After hub moved back home it was still a while before we had sex.
I don’t remember me crying after the first time (post D-day), but I know it was early on in our efforts at reconciliation that I would burst into tears immediately after (and sometimes even during) our love making.
It hurt so much to know he had no regard for me.
I was disposable to him.
I had loved him so much.
Yet all of that love meant nothing to him.
Why couldn’t he love me as much as I had loved him?
At one point (prior to D-day) I had a man chasing me relentlessly. I had plenty of opportunities to cheat on Hub. And it’s not that I never found the other man attractive or charming. He was.
But I still NEVER cheated.
Because I made a promise to Hub.
Why was his promise a “pie crust promise” (as Mary Poppins says)?
Why was mine not?
My head would spin after we made love “were they better than me?” “Do they look better?” “Why does this hurt so much?” “When will the hurt go away?” “WHY?”
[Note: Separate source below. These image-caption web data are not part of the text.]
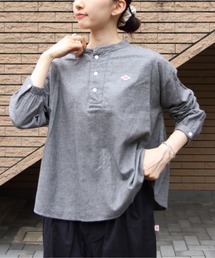 DANTON/ダントン ヘンリーネックプルオーバーシャツ HENLEY NECK PULLOVER SHIRT DT-B0304 OCV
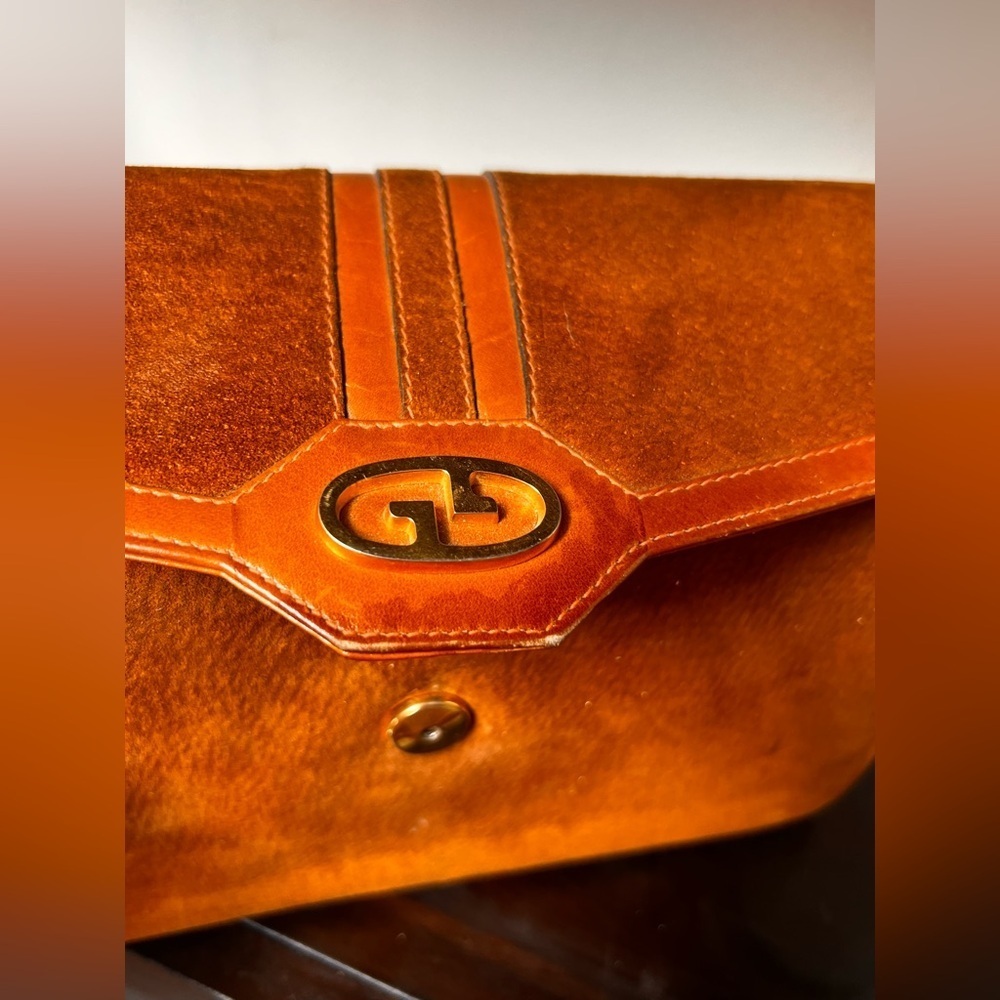 Vintage Gucci 1960s gold hardware Brown Leather Shoulder purse Bag collectible - Picture 3 of 16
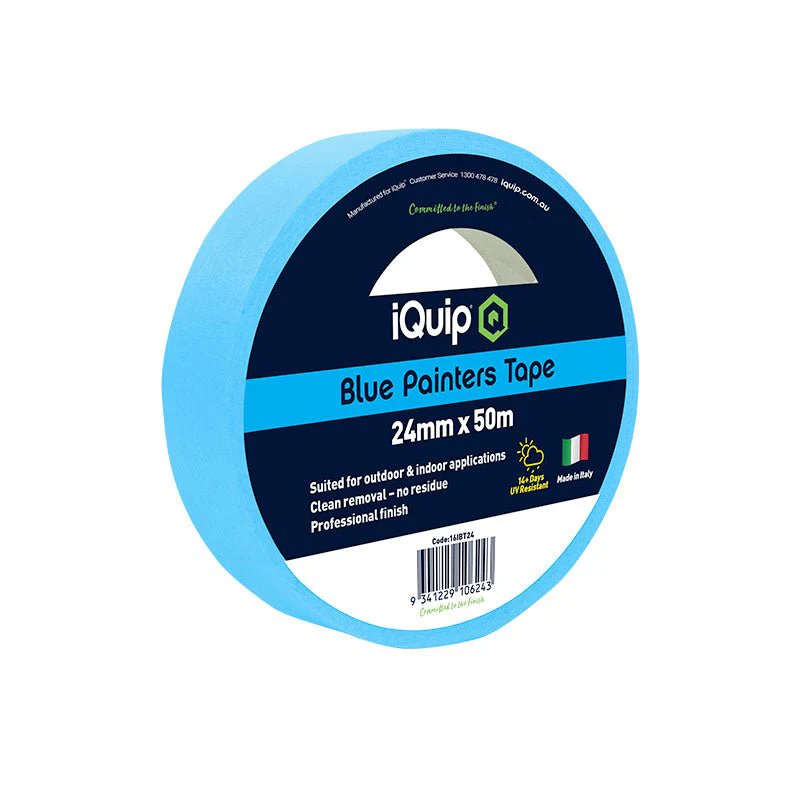IQUIP Blue Painters Tape 24mm x 50M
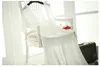 Nowa biała sukienka na plażę Długie koronkowe sukienki w ciąży Praph Praphy Fancy ciąża lato przezroczyste Nightdress5418182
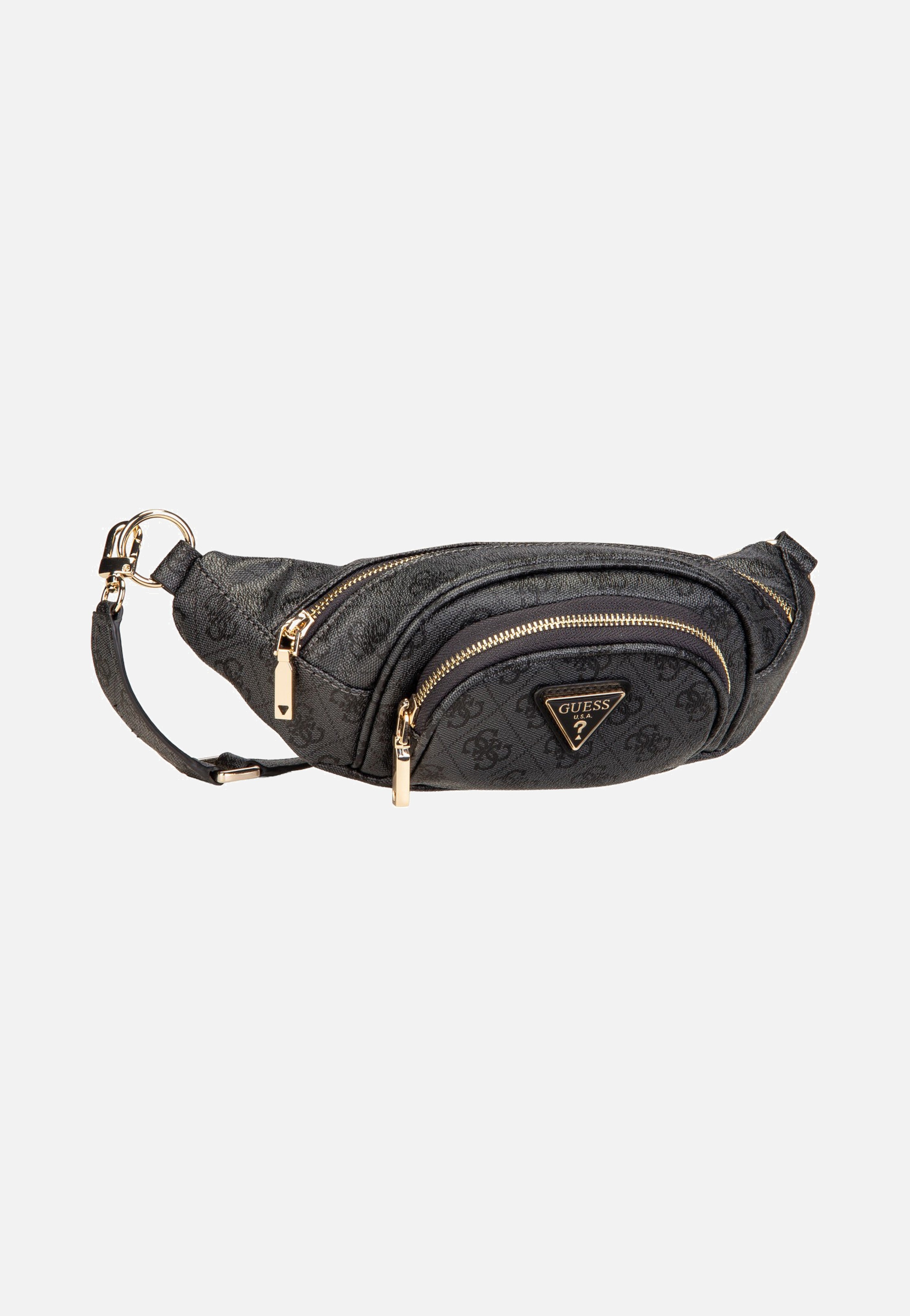 Guess Latona Belt Bag Coal Logo Sling Bag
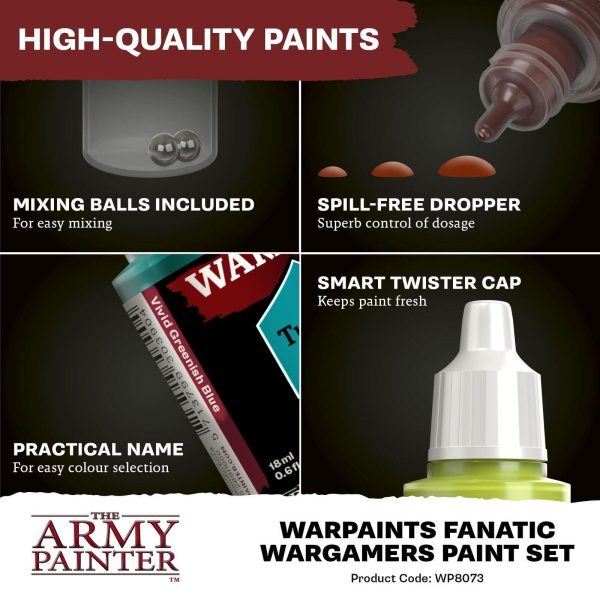 The Army Painter Warpaints Fanatic: Wargamers Paint Set Sale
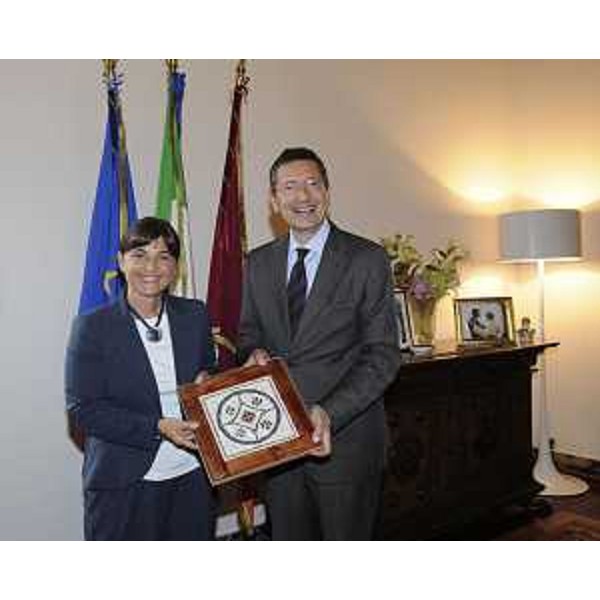 Debora Serracchiani (Presidente Friuli Venezia Giulia) e Ignazio Marino (Sindaco Roma). (Roma 28/08/13)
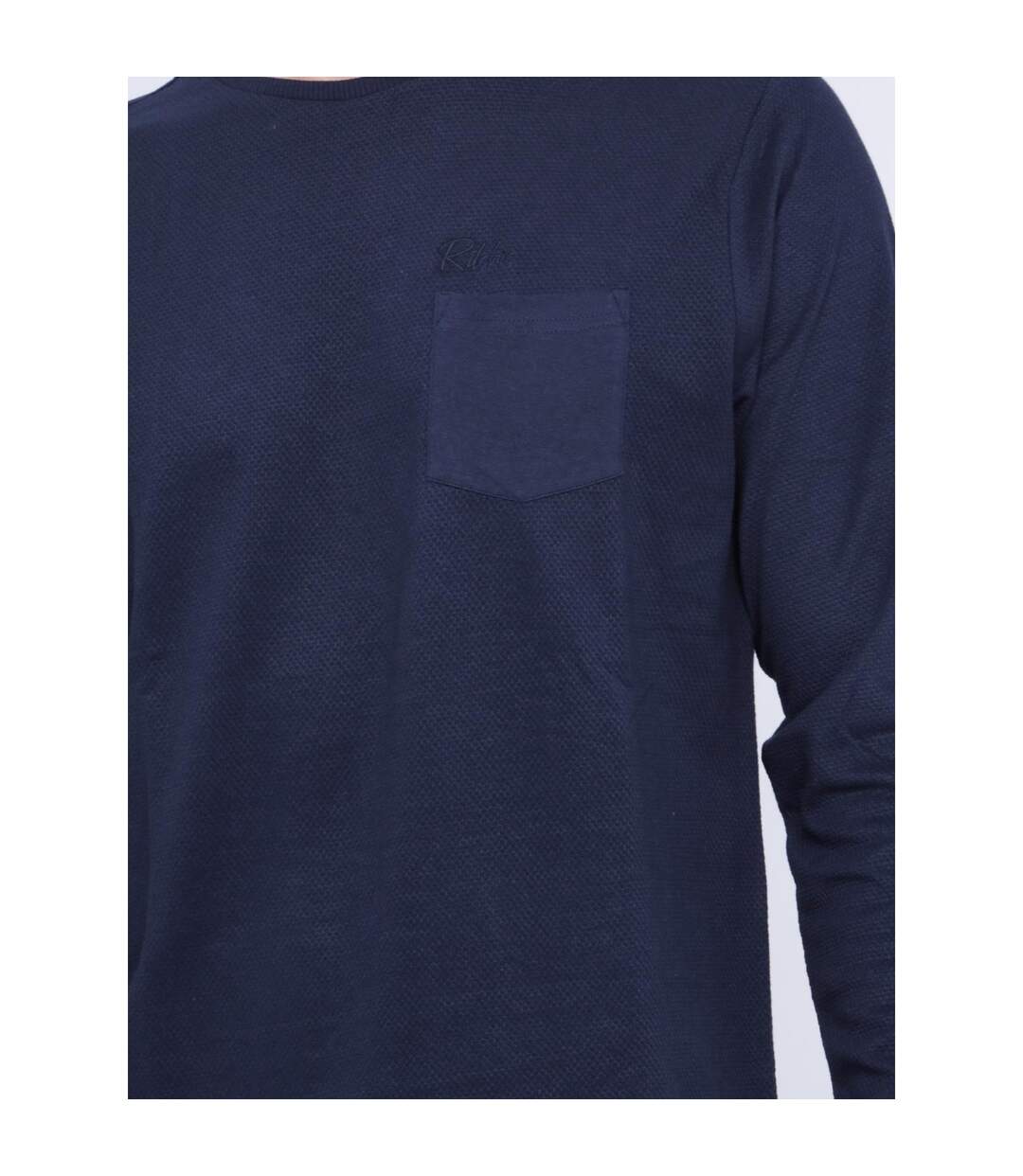 T-shirt manches longues col rond pur coton JARGOTTE-3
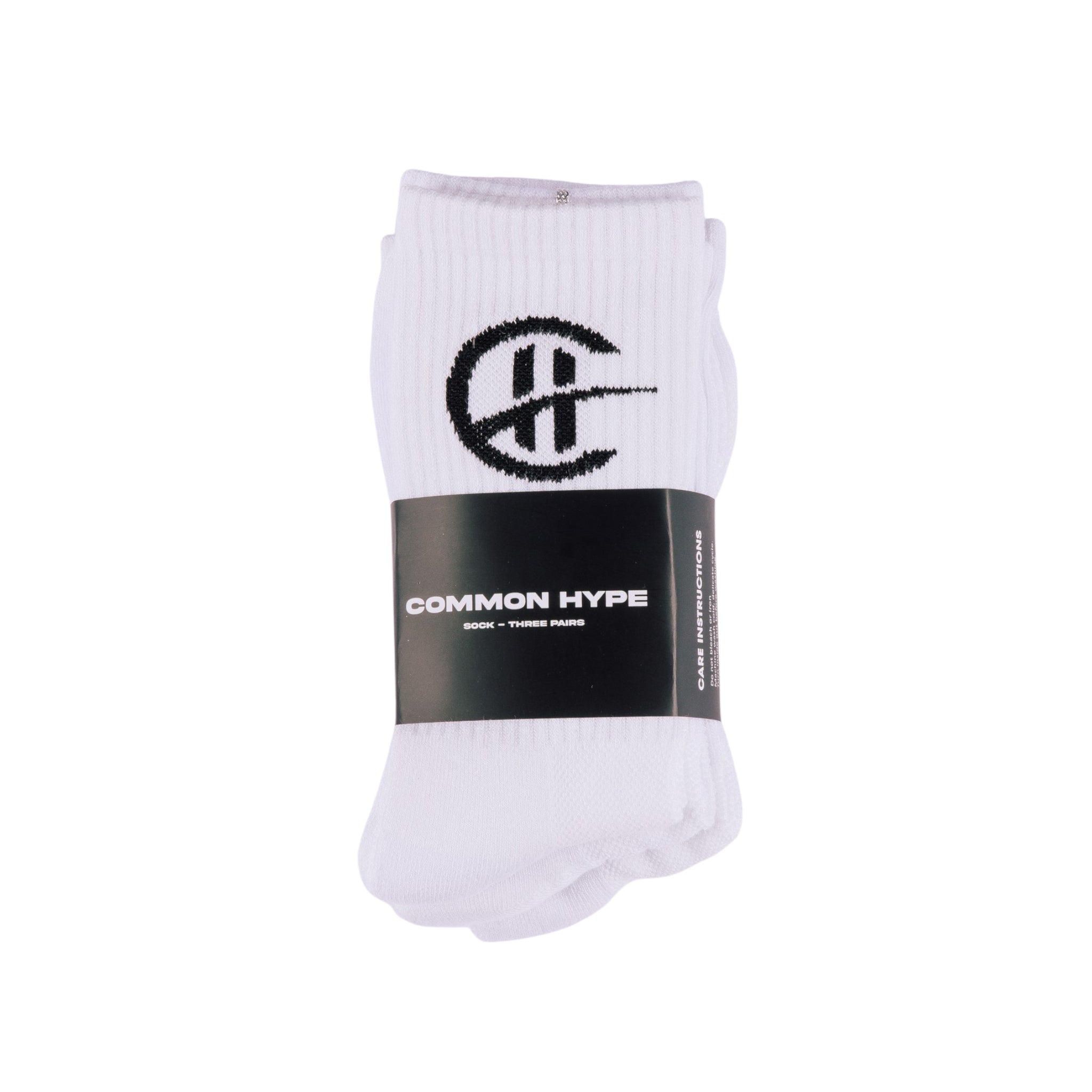 Common Hype White Socks 3-Pack (2.0)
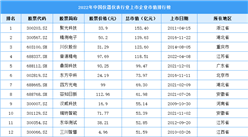 2022年中國儀器儀表行業上市企業市值排行榜（附榜單）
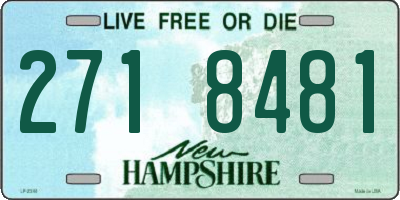 NH license plate 2718481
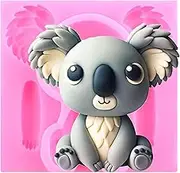 XMOLDNMS Koala Fondant Moulds Koala Woodland Animal Silicone Moulds for Cake Decorating Cupcake Topper Chocolate Gum Paste Candy Polymer Clay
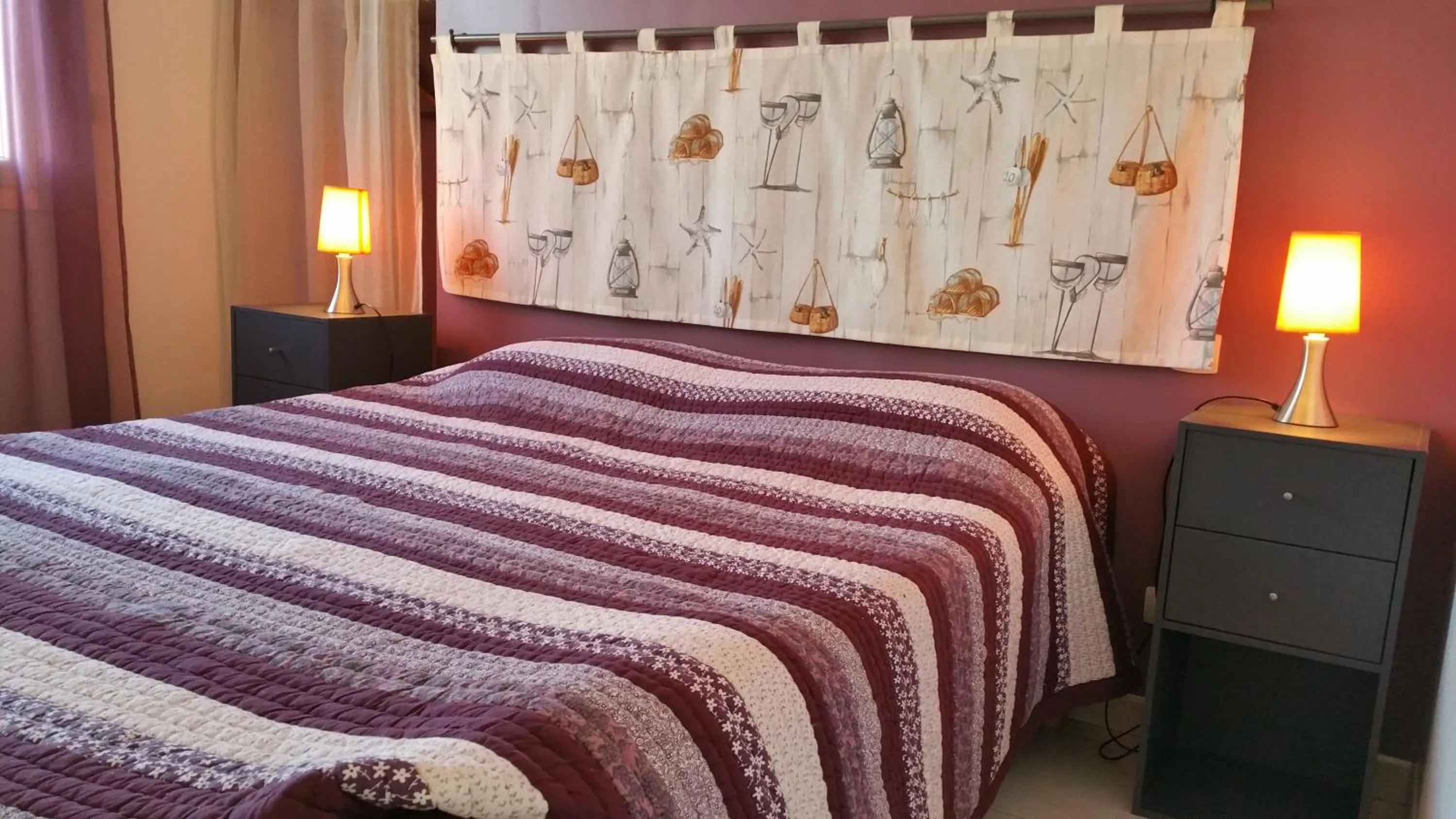 Bed in Chambres d'hôtes et gîtes Al Pati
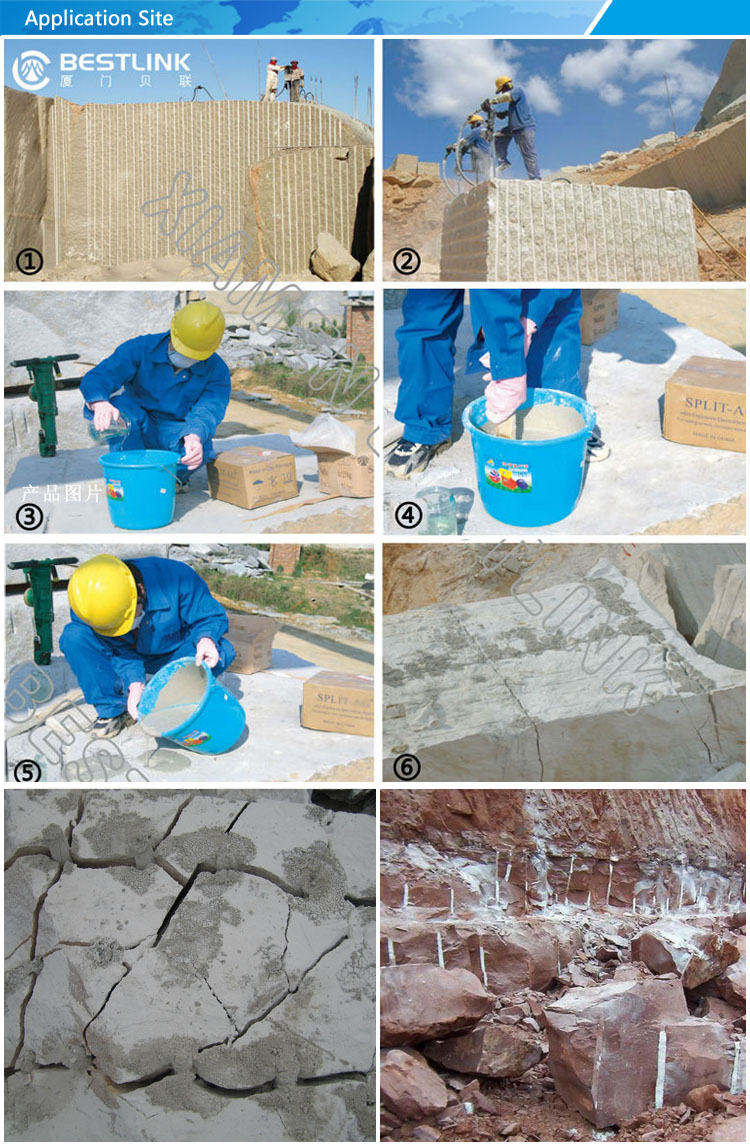 Soundless Non-Explosive Demolition Crack Agent Expansive Mortar for Construction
I reached a point a while back when I posted on here that I didn’t feel anything for him any more. I love him, because I choose to love him, but I don’t feel any feelings of love toward him.
I realized one night I had stopped crying.
But I also felt dirty and empty.
When we had sex I knew he was making love to me (it wasn’t just sex), yet everything inside me screamed “I don’t want to do this”, but I would force myself anyway. I don’t know why.
Then….after…I would feel hollow.
But I didn’t cry.
And it was kind of nice to not cry any more.
But I hated the feeling of wanting to scream during and hollowness after.
Last night was different.
I cried again.
And my head swirled wondering, “why does this still hurt? It’s been 26 months!”
And I realized, it wouldn’t hurt if I didn’t love him.
Maybe the feelings are coming back.
Either way, the pain is better than emptiness.